The Shire stands as a symbol for a rural and peaceful life but their protected way of life is only possible because of the the military might of others and this is explicitly alluded to several times...for example in a conversation between Merry and Pippin (which I just happened to read to my kid yesterday!):
"Still there are things deeper and higher; and not a gaffer could tend his garden in what he calls peace but for them, whether he knows about them or not."
Before the events of The Lord of the Rings, hobbits maintained a tradition of archery and other martial skills, partly due to past conflicts such as the Battle of Greenfields (1). By the time of the Scouring off the Shire, Merry, Pippin, and other veterans of the War of the Ring organized quickly taking up arms. According to the appendices, they managed to eliminate nearly two-thirds of Saruman’s invading force , displaying both tactical coordination and surprising courage. (Treebeard also notes this in The two towers) It’s a powerful reminder that, in Tolkien’s world, even the humblest people are capable of heroism when defending their home.
All I'm saying is that it only takes a small shift of perspective to see how the LoTR will appeal broadly to anyone who believes in good vs evil narratives - whichever side they appear to be on from one's own point of view.
“Gandalf’s the crazy person who wants to start a war… Mordor is this technological civilization based on reason and science. Outside of Mordor, it’s all sort of mystical and environmental and nothing works.” - Thiel 2011 Details
Source: https://bsky.app/profile/takedemocracyback.org/post/3lk4u55a... it's an interview from the September issue of details magazine 2011, has largely been scrubbed from the internet
So in the case of Thiel, he read LOTR and identified with the villains, which is about as large a misreading of Tolkien as one can make
It's not. They always acknowledge that their army will be much too small to defeat Sauron's in a war. They luckily win a battle outside Gondor. They defeat Sauruman only with a deus ex machina moment of supernatural aid. But when they march on Mordor they send only a token force; they know they can't win that way. They can only slow down and distract Sauron.
The way they win is trust in innocence, a thing and a plan that Sauron can't even envision - that's explicitly Gandalf's thinking. Sauron never imagines that a couple of essentially civilian hobbits, the least powerful people, would be given the Ring, and that they'd enter Morder on their own, that they'd have the courage, and that the good guys would actually destroy something of that much power when they could use it.
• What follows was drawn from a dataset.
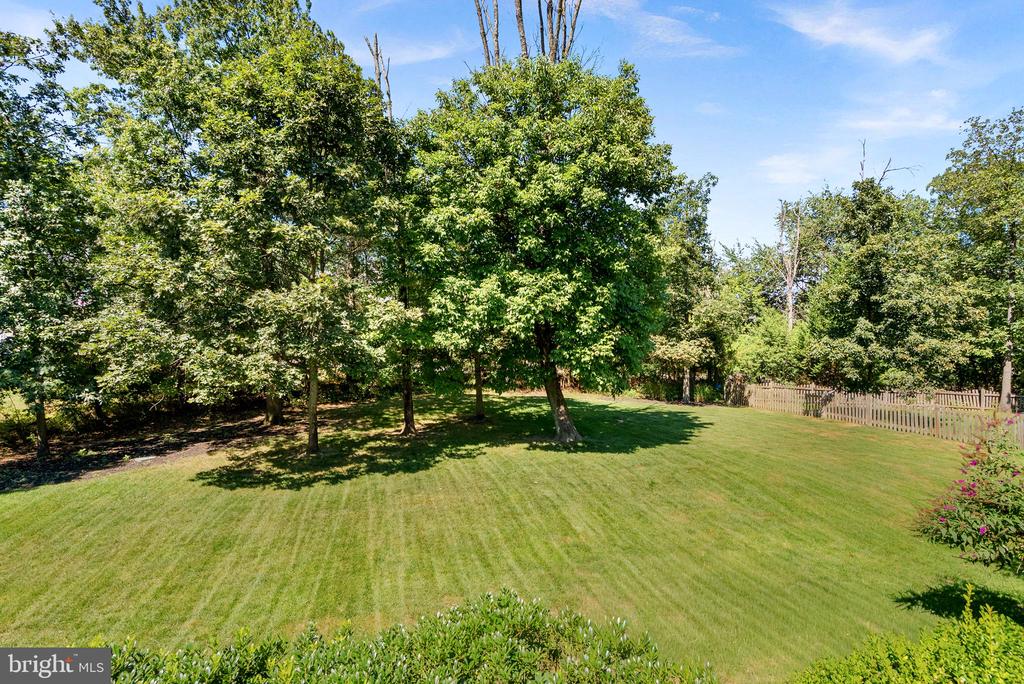 43074 ROCKY RIDGE COURT
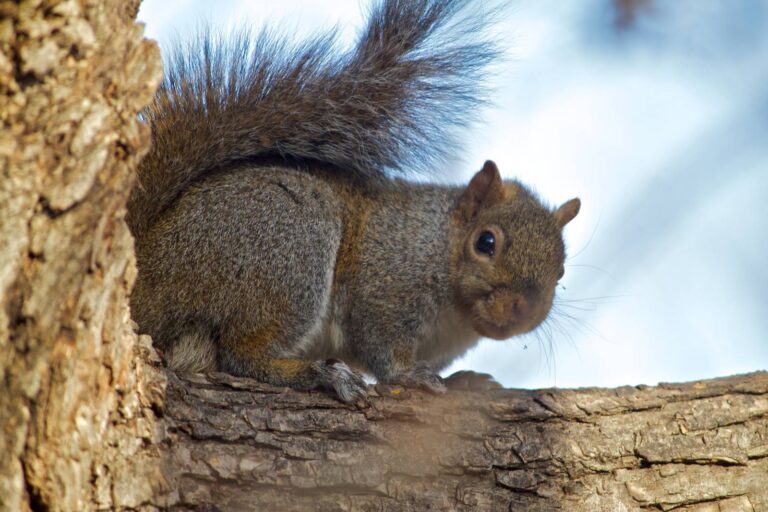 Gray squirrel clinging to a tree limb under blue sky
> it only takes a small shift of perspective to see how the LoTR will appeal broadly to anyone who believes in good vs evil narratives
I agree in a way: People who don't read the book with a little thought can just read a superficial action adventure, good guys fight bad and win. And Peter Jackson's films are 90% the latter.
While they may be wary of others with power, right "libertarians" are often attracted to wielding the power themselves - falling to the same exact "I will do good" fallacy as wielders of the Ring. Truly being disinterested in concentrated power means acknowledging that larger non- "government" entities are capable of coercing individuals (eg informal force or even just economic stickiness), not definitionally ruling it out to remain ignorant of it.